A good friend and loyal reader sent me a link over the holiday weekend regarding President Obama's announcement of nearly $1.5 billion in loan guarantees to a Spanish company, Abengoa Solar, which will be used to build a solar plant in Arizona. Also included in the statement was the announcement that Abound Solar, a closely held company based in Loveland, Colorado, 'will receive a $400 million loan guarantee to expand a solar-panel manufacturing plant in Longmont, Colorado, and to open a new plant in Tipton, Indiana.' According to White House documents, the loans are anticipated to create about 3,000 short-term jobs, as well as approximately 1,600 long-term jobs.
Different people on various points of the political spectrum could of course find a number of distasteful facts hidden in the above paragraph. Some would gripe about spending federal funds on solar development at all. Others might protest giving guaranteed loans to a foreign company. Still others might point out that pledging nearly $2 billion in guaranteed loans for what amounts to be 1,600 jobs in an economy beholden to foreign investors and with record trade and current account deficits is not necessarily the most efficient use of funds. Since Blawgconomics happens to be (in some mind's paradoxically) firmly in both the green development and globalization camps, the first two points are non-starters. However, considering previous research and postings, the third point provides fertile ground for discussion.
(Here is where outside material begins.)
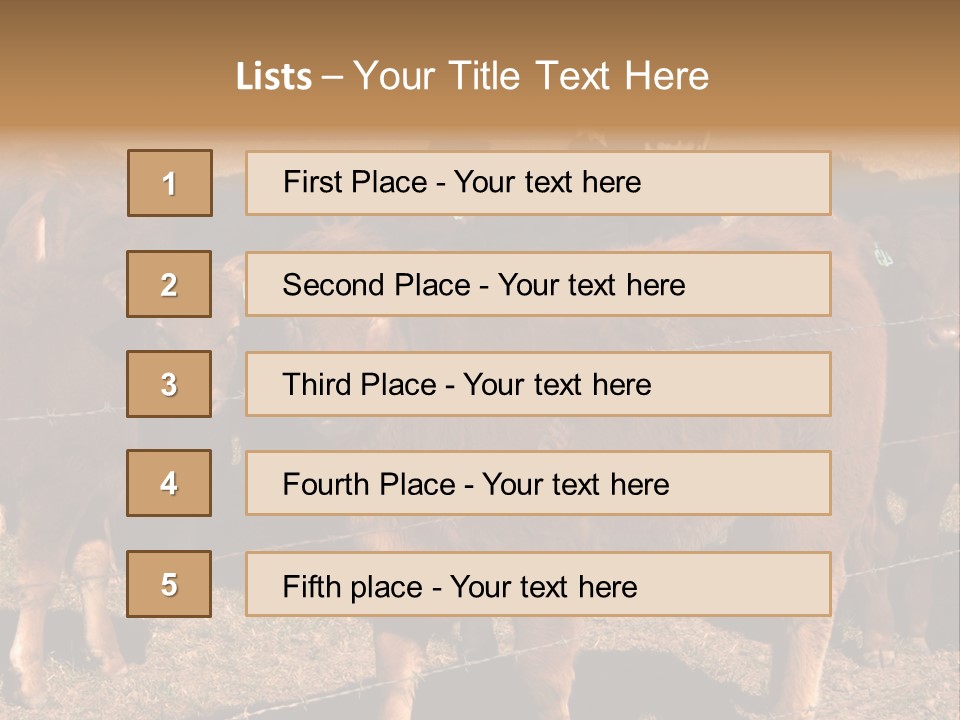 Staring Cow PowerPoint Template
Whether you are more Al Gore or Glenn Beck on the global warming debate is inconsequential when it comes to green development. It is an area that will provide jobs, has potential to reduce reliance upon continuously declining and foreign-held resources, and nearly no one could honestly argue that turning sunlight into electricity is worse for the world than burning compressed dinosaur and plant matter. Additionally, some of our presumed competitors for the crown of the world's great economic superpower are already far ahead of America in this growth area. However, there are better ways to promote the growth of the green development sector than throwing money at it. In cases like this and in a Tea Party era of politics, it may even be worse for the green development movement when the government provides statistics revealing that it is financing jobs at a cost of about $1.2 million a pop.
If it were true that solar development was an important leg of the future energy platform and this were the only way to finance its development, that would be one thing. However, there are other potential solutions which take advantage of existing structures and which would incent developers to build large-scale arrays without costing the government anything but tax revenue. No small consideration to be sure. However, when the current solution is to print money financed by oil powers and China, foregone tax revenue for job creation and reduced reliance upon those same foreign powers doesn't seem so bad. One such solution would be the aforementioned Solar, or S-REIT, developed by yours truly and recommended to the Government by the GW Solar Institute. Without rehashing the whole S-REIT model here, it is enough to say that by giving solar developers certain tax benefits to develop solar arrays, the same benefits currently given to more common real estate investments like malls, office buildings and apartment complexes, development would be stimulated even at today's costs and prices.
America is running out of resources and money. It is time to innovate and advance creative solutions. Throwing money at the economy, and specifically at green development, is not the best way out of economic malaise or energy problems. The Solar-REIT is a solution to green development problems that would cost the government nothing but marginal tax revenues. It would promote growth, jobs and the entrepreneurial spirit that seems to be so lacking these days. And the potential of it becoming a viable solution is reduced every time another loan guarantee is made.